The choice between C and S corporations changes how shareholders receive income (distributions/dividends) and how your company is taxed (directly or as a pass-through). Therefore, this decision typically involves a great deal of analysis to ensure both you and your company maximize benefits.
If you sell a partial interest in your business, you can choose to sell the amount of equity that your company can finance through senior lenders. By doing so, you ensure you receive the entire transaction proceeds at the close. This allows you to begin diversifying your wealth away from the business while keeping equity upside for a potential future sale.
In 100% scenarios, the most common transaction structure involves both senior and seller financing. Seller financing is used to bridge the gap between the third-party financing and the purchase price. Once the senior debt is repaid, the seller notes are typically refinanced in stages. To align interests, you usually receive a synthetic equity component, such as a warrant, as part of the financing arrangement. By incorporating this measure, you receive a market rate of return for the risk associated with the subordinated nature of the seller notes.

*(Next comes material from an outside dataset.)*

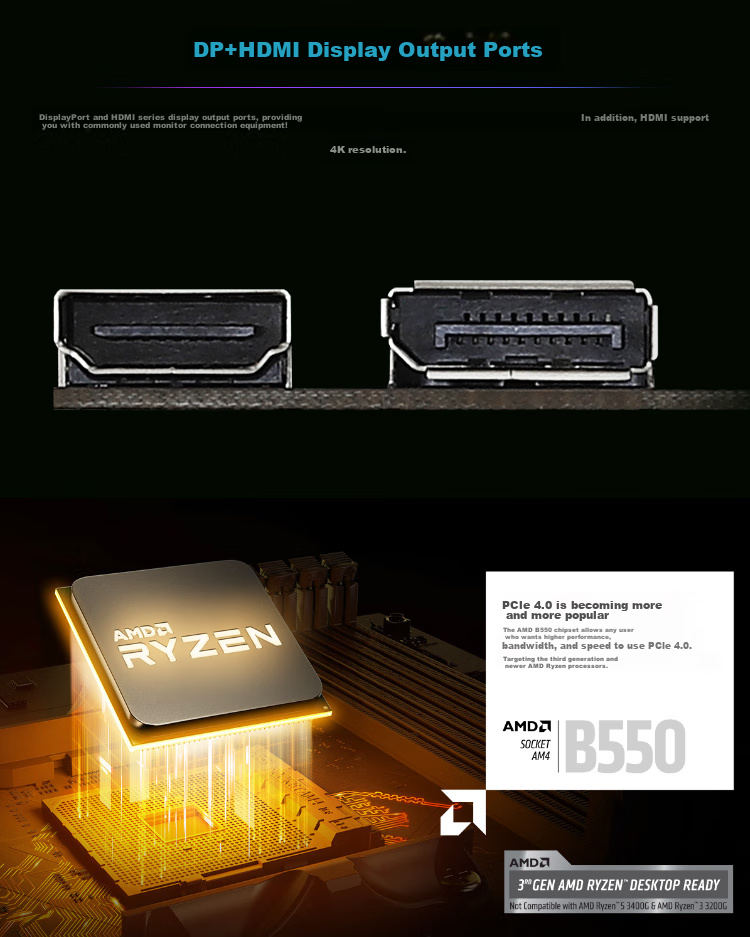 ASRock B550M Pro4 Craftsmanship Motherboard Supports CPU 5600/5600GT/5800X3D (AMD B550/Socket AM4) 7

Another option is to select C corporation structure at close so that you can defer capital gains. Then your company converts to an S corporation after the allowable period (note that this can take as long as five years). This structure allows you to defer capital gains, and your company can ultimately become a federally tax-exempt entity.
Ultimately, the answers to these questions depend on your goals. As discussed, an ESOP is an incredibly flexible structure allowing you to customize the transaction to meet your needs and those of your company and employees. Given the complexity of ESOPs, if you or your company is interested in exploring this type of transaction and its benefits, we recommend you engage with an advisor to perform a feasibility study as the right first step.